What is being asked. The full listing, copied exactly, is the required output.

Exercise data Block Start

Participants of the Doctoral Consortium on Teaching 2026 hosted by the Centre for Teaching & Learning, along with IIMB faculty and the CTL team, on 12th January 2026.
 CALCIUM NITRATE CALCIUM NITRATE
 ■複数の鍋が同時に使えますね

Exercise data Block End

Task solution.
Participants of the Doctoral Consortium on Teaching 2026 hosted by the Centre for Teaching & Learning, along with IIMB faculty and the CTL team, on 12th January 2026.
 CALCIUM NITRATE CALCIUM NITRATE
 ■複数の鍋が同時に使えますね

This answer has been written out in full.